The recently published Songs in the Key of Los Angeles showcases the rich sheet music collection of the Los Angeles Public Library, and is the fruit of a collaboration between USC Professor Kun, his students and the Library Foundation. Join us for a night of rare L.A. musical history, in which the Los Angeles Public Library’s sheet music archive will come alive in story and song when Kun is joined by beloved, GRAMMY-winning Los Angeles band Quetzal.


Participant(s) Bio

Josh Kun is a professor at the USC Annenberg School for Communication & Journalism, where he is director of The Popular Music Project at The Norman Lear Center. He is the author of Audiotopia: Music, Race, and America, co-author of And You Shall Know Us By The Trail Of Our Vinyl,, and co-editor of Tijuana Dreaming: Life and Art at the Global Border, among other volumes.

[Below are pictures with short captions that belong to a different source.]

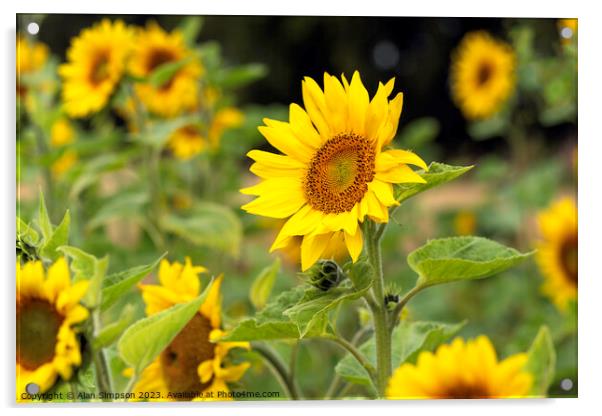 Sunflower Acrylic by Alan Simpson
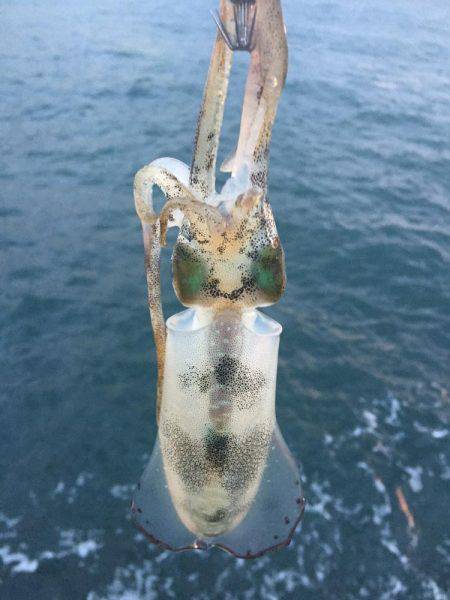 今日は月が明るいです(○´3`○)ノ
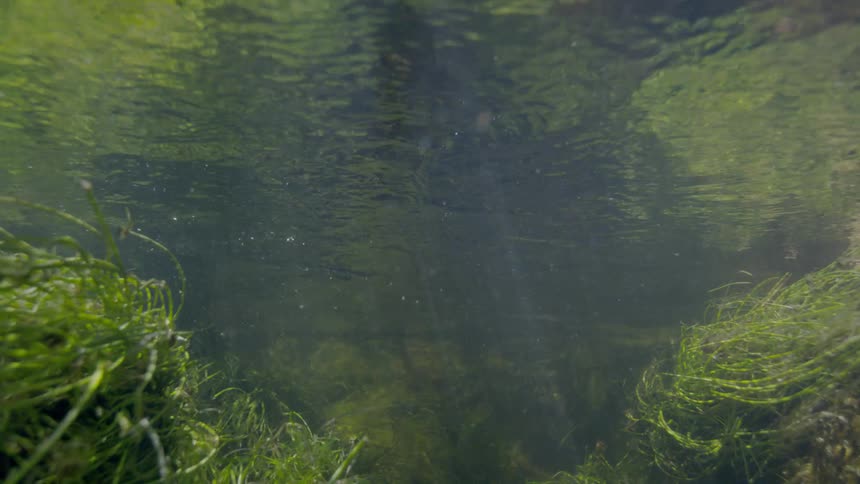 An underwater view of a sunlit riverbed with green aquatic plants swaying in the gentle current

With The Grammy Museum, he recently curated "Trouble in Paradise: Music and Los Angeles 1945-1975", part of the Getty's Pacific Standard Time series. He is currently collaborating with The Library Foundation of Los Angeles, The Los Angeles Public Library, and Angel City Press on Songs in the Key of L.A., a multimedia exploration of Los Angeles through its vintage sheet music.

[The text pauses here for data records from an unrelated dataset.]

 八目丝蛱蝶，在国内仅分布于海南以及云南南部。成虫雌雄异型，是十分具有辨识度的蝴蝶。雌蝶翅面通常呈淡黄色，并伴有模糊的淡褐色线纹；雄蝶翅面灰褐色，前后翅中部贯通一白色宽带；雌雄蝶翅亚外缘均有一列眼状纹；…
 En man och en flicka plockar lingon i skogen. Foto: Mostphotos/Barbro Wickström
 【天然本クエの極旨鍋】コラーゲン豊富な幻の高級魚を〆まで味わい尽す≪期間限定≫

The music of GRAMMY® Award-winning band Quetzal, is at once visceral, and intellectual. It makes you move, it makes you sing, and it makes you think. Sometimes thought of as a rock band, its members draw from a much larger web of musical, cultural, and social engagement. On the band’s latest full-length release Imaginaries, Quetzal creatively combines shades of East L.A.’s soundscape, traditional son jarocho of Veracruz, salsa, R&B, and more to express the political and social struggle for self-determination and self-representation, which ultimately is a struggle for dignity.